Sahbirin Noor Permalukan KPK

Gubernur Kalimantan Selatan, Sahbirin Noor permalukan KPK (Komisi Pemberantasan Korupsi) setelah menang dalam sidang pra peradilan.

MAKASSARCHANNEL, JAKARTA – Gubernur Kalimantan Selatan, Sahbirin Noor permalukan KPK (Komisi Pemberantasan Korupsi) setelah menang dalam sidang praperadilan.

Meski sudah menetapkan sebagai tersangka dalam kasus dugaan suap, KPK batal menahan Sahbirin Noor.

Pengacara Sahbirin Noor, Soesilo Aribowo, mengatakan, kliennya itu kini menjadi warga negara yang bebas.

Itu setelah majelis hakim di Pengadilan Negeri Jakarta Selatan mengabulkan gugatan Sahbirin Noor.

“Kalau kita melihat pada Sema No 1 Tahun 2018 untuk upaya hukum praperadilan ini tidak ada. Jadi, kembali masing-masing saya kira bisa menghormati putusan itu Pak Sahbirin dalam posisi sebagai warga negara yang bebas,” kata Soesilo kepada media di PN Jakarta Selatan, Selasa (12/11/2024).

Dia menjelaskan, pada persidangan praperadilan di PN Jaksel, majelis hakim mempertimbangkan pendapat ahli bahwa Sahbirin dalam status tidak tertangkap tangan.

Penetapan Tersangka Tidak Sah

“Karena ketika itu kan beliau tidak ada sehingga tidak dapat dikatakan sebagai tertangkap tangan. Mau tidak mau proses penetapan tersangka seharusnya kemarin itu adalah sesuai dengan KUHP,” kata Soesilo.

Ia melanjutkan dimulai dengan pemanggilan di dalam penyelidikan permintaan keterangan, kemudian yang terpenting adalah pemeriksaan calon tersangka itu harus dilakukan oleh KPK.

“Saya kira itu yang terpenting tadi dari intisari putusan praperadilan. Artinya, yang penetapan Pak Sahbirin ini sebagai tersangka itu telah dibatalkan,” tegas Soesilo.

Sebelumnya, Hakim PN Jakarta Selatan, Afrizal Hadi memutuskan penetapan tersangka Gubernur Kalsel Sahbirin Noor oleh KPK tidak sah.
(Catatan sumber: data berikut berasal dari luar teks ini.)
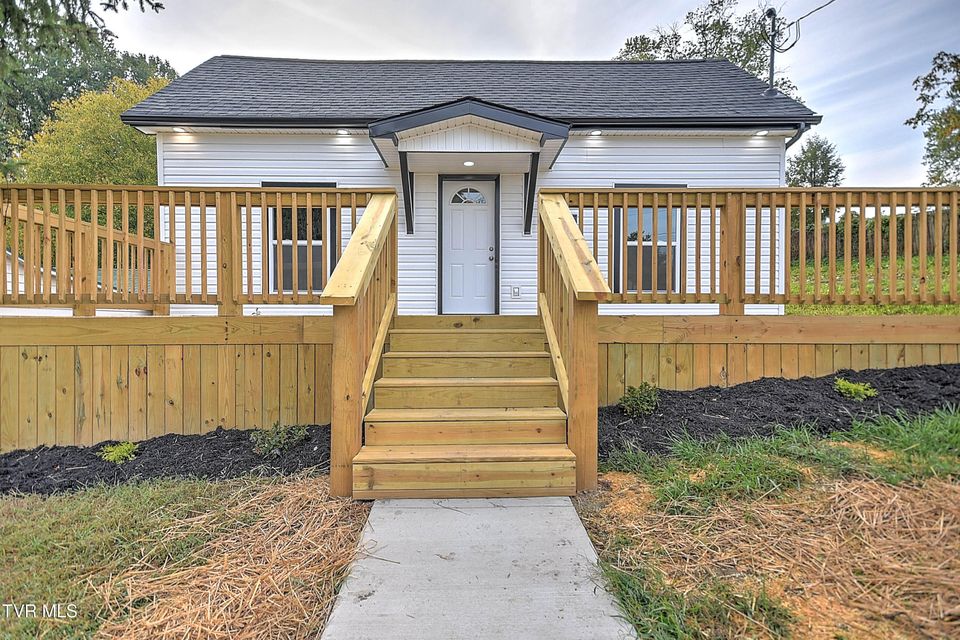 Photo #6: 723 Portsmouth Avenue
Menurut Afrizal, salah satu pertimbangannya berdasarkan keterangan ahli, dalam KUHP tidak ada definisi melarikan diri.

“Menimbang bahwa menurut keterangan ahli yang diajukan pemohon dalam persidangan maupun yang dilampirkan. Menerangkan bahwa di dalam KUHP tidak ada definisi atau melarikan diri,” kata hakim Afrizal di persidangan.

Secara umum, lanjut Afrizal, yang dimaksud melarikan diri adalah orang yang menghindari atau menjauhi suatu kewajiban atas tindakan yg dilakukan oleh pihak lain.

“Artinya, melarikan diri itu merupakan suatu reaksi atas aksi yang dilakukan. Dalam konteks ini, manakala dalam hal tersebut belum dilakukan pemanggilan.

Kemudian penyidik menyatakan bahwa tersangka melarikan diri atau menyatakan tersangka tidak ditemukan atau tidak ada,” kata hakim Afrizal Hadi.

Dua Konsep Berbeda

“Maka hal itu tidak dapat dinyatakan pengertian melarikan diri. Karena menurut ahli, melarikan diri dengan tidak ditemukan merupakan dua konsep berbeda,” jelas Afrizal.

Kalau tidak ditemukan, lanjut hakim Afrizal, belum tentu melarikan diri. Sementara melarikan diri bisa jadi ditemukan tapi tidak bisa ditangkap.

“Dengan demikian menurut ahli. Tersangka belum mengetahui apa kewajibannya terhadap surat panggilan. Karena surat panggilan belum diterima oleh tersangka dan terhadap surat panggilan tersebut belum disebutkan juga posisinya apakah sebagai saksi atau tersangka,” tegas hakim.

Hakim Afrizal melanjutkan maka petitum kedua, ketiga, keempat dan kelima permohonan patut dikabulkan.

“Sementara petitum keenam, ketujuh dan kedelapan harus ditolak karena membatasi kewenangan penyidik dan bukan kewenangan lembaga peradilan,” tegasnya.

Menimbang bahwa permohonan praperadilan dikabulkan, lanjut hakim Afrizal. Maka beban perkara peradilan dibebankan kepada termohon.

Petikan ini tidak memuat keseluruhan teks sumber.